_Exercise_
Leaving out the images, repeat all the lines below exactly.

_Available data_
- Opening Delimiter -

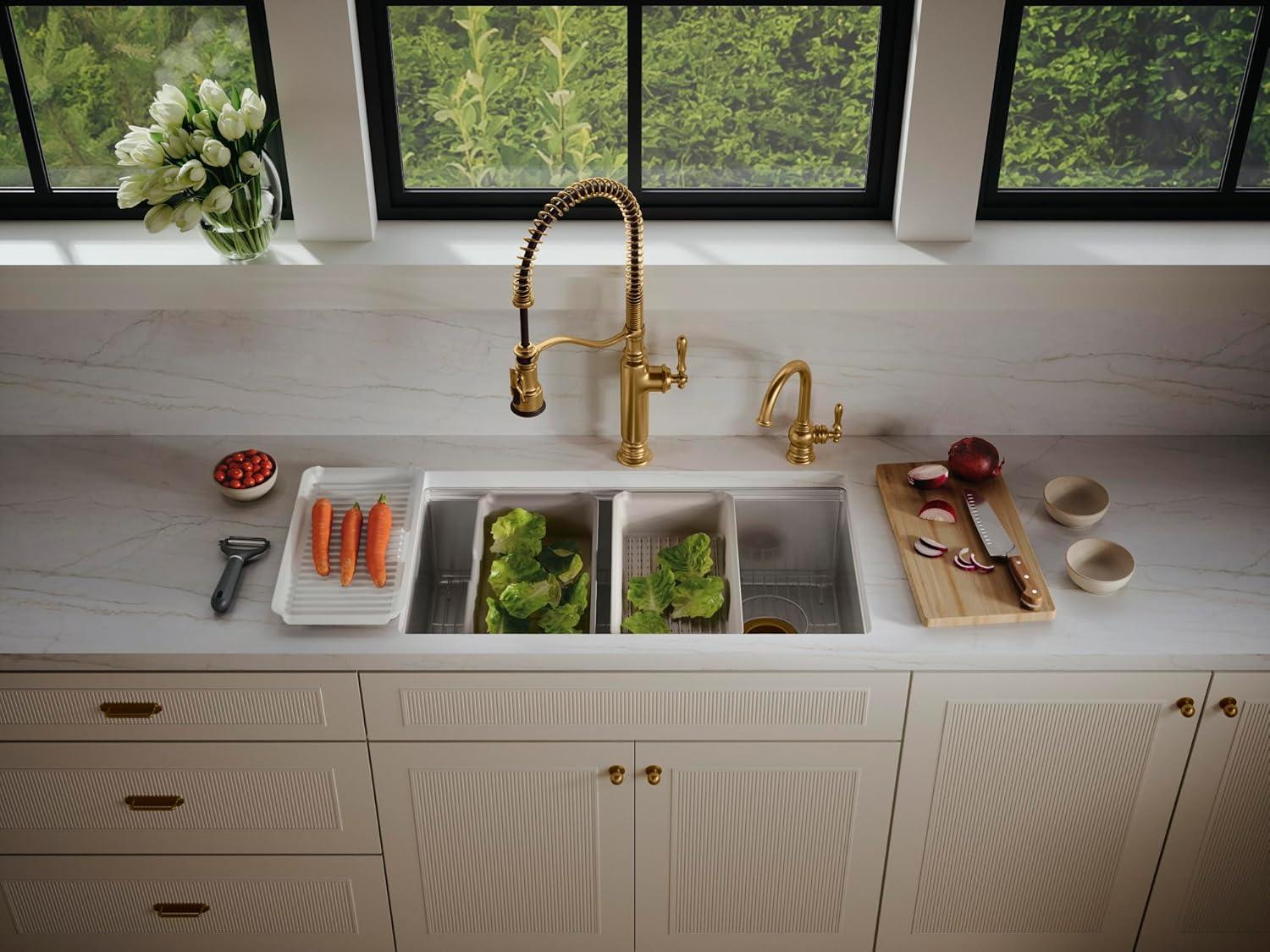 Strive® 32" L x 18.25" W Undermount Single Bowl Kitchen Sink with Basin Rack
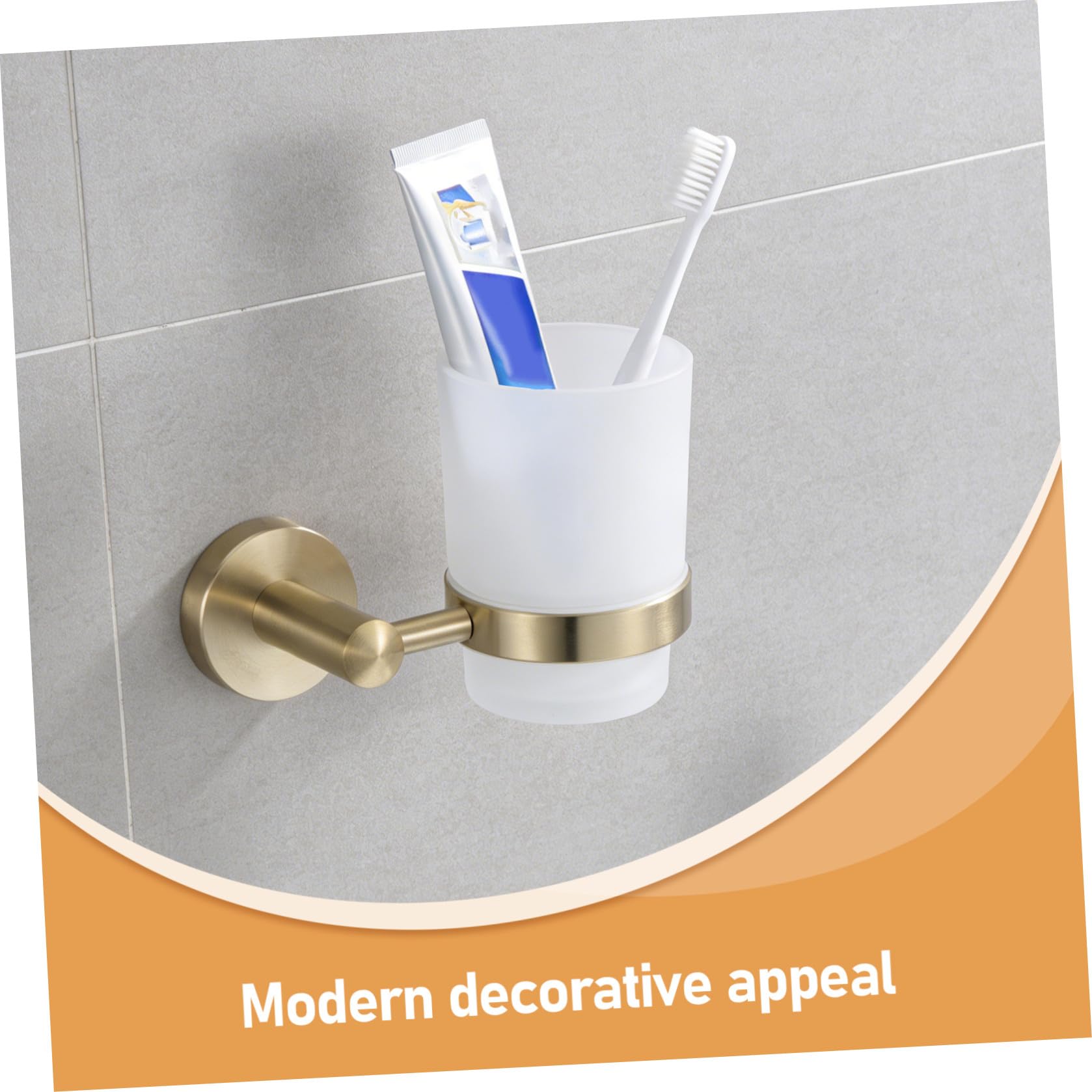 UPKOCH Portacepillos Decorativo de Pared en Acero Inoxidable Vaso de Vidrio Esmerilado, Soporte Multifuncional para Cepillos y Pasta de Dientes Adecuado para Baño y Dormitorio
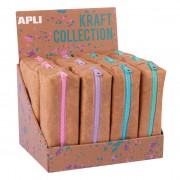Apli Kraft Collection Expositor de 12 Estuches Compactos con Cremallera de Colores Pastel - Estuches de 185x75x55mm con Gran Ca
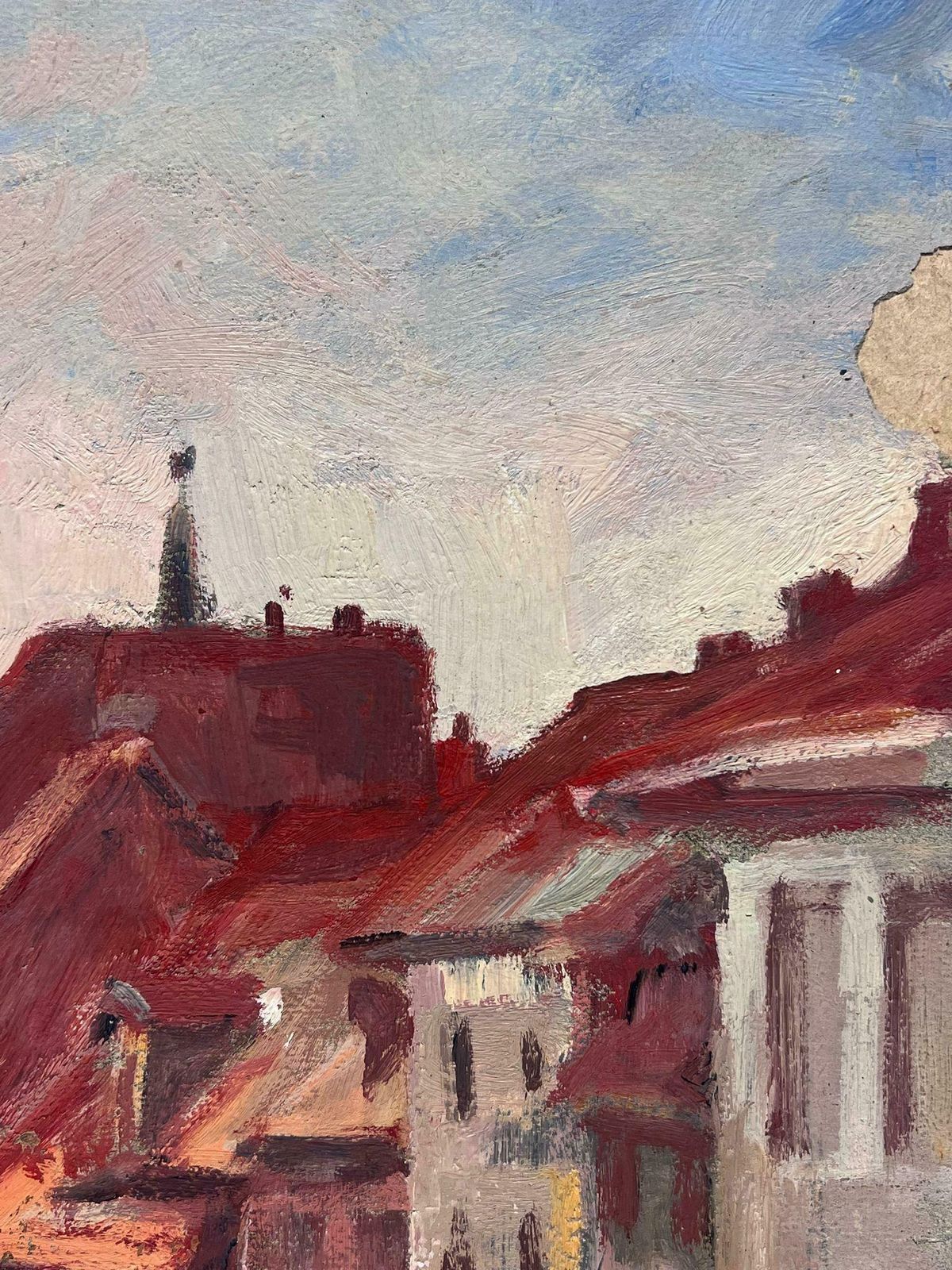 Leon Hatotvintage French Oil Painting Red Town Landscape With Figures photo 766.0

- Closing Delimiter -

_Exercise output_
 Strive® 32" L x 18.25" W Undermount Single Bowl Kitchen Sink with Basin Rack
 UPKOCH Portacepillos Decorativo de Pared en Acero Inoxidable Vaso de Vidrio Esmerilado, Soporte Multifuncional para Cepillos y Pasta de Dientes Adecuado para Baño y Dormitorio
Apli Kraft Collection Expositor de 12 Estuches Compactos con Cremallera de Colores Pastel - Estuches de 185x75x55mm con Gran Ca
 Leon Hatotvintage French Oil Painting Red Town Landscape With Figures photo 766.0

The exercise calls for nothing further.